ひとあし先においとました研究室の忘年会の帰り道、イルミネーションに彩られた
住宅街をぽくぽく歩いていると、ピロロンとメイルの着信音がポケットで響く。

「今日、行ってもいいですか?」
送り主はさっきまで一緒にわいわい飲んでいた妹ちゃん。
電車もまだある時間だったけれど、こっちに帰ってきたいそうな。
ちょっと過保護で心配性で甲斐性ナシの姉、「いいよ」の返事。

午前零時に帰宅すると、シゴト帰りの編集長が今から新刊を届けてくれる
との連絡。その30分後、右側のライトを茶色のガムテープを貼り付けた
神戸ナンバーの深緑の車、ご到着。なんでも木にぶつけたそうな。(苦笑)
久しぶりに会う編集長は、休日返上の仕事続きで疲弊ガオ。眼の下のくまちゃん。

「愚痴は許さんが紅茶は淹れたる」などと、新刊と引き替えに茶を差し出す。
そこに、ピンポーン、と妹ちゃん、ご来店。ご帰宅?いえ、ご到着。(笑)
「ただいまー」と元気よく挨拶し、黒い皮のブーツを脱ぎ、てててと寝室へ
向かってゆく。その後ろ姿を、ぽかんと追う編集長のアホっ面。

「なんかジブンちみたいだね」
編集長が、隣室でコートを脱ぐ妹ちゃんに声をかける。
実は今月号から妹ちゃんも寄稿しているので、編集長への顔合わせは既済。
へへへっ、と笑いながら、妹ちゃんは私たちがお茶をのんでる台所へ入ってくる。
時すでに午前1時をゆうに回っている。
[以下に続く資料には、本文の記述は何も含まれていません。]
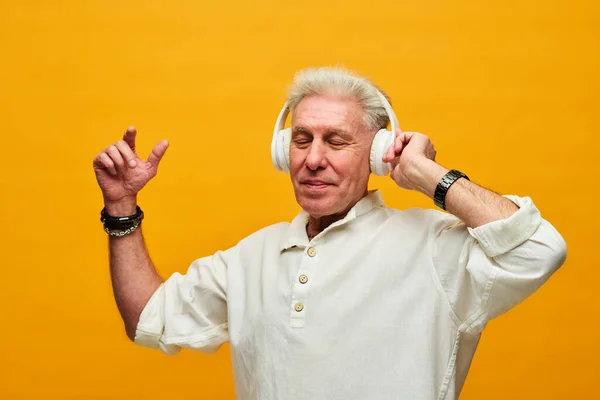 快乐的老人 身穿白衬衫 头戴耳机 站在摄像机前 与黄色背景隔离 欣赏音乐 — 图库照片
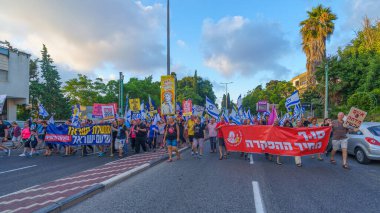 Hayfa, İsrail - 29 Haziran 2024: Hükümete karşı bir protesto yürüyüşü sahnesi, insanların katıldığı, çeşitli tabelalar ve bayraklarla yeni seçimler çağrısında bulundu. Hayfa, İsrail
なんだか妙なさんにん。

「あ、シャシン、撮ろっか」
おもむろにデジカメを取り出し、ミニサイズの三脚にセッティングするあたし。
そして深夜の台所で、せこせこと寄り集まり、持ち寄りの笑顔を向けるさんにん。
納められた画像は、奇妙なほどしっくりと馴染んでいて、まるで昔からの同居人のよう。

共同生活。
あこがれていないわけでもナイけれど。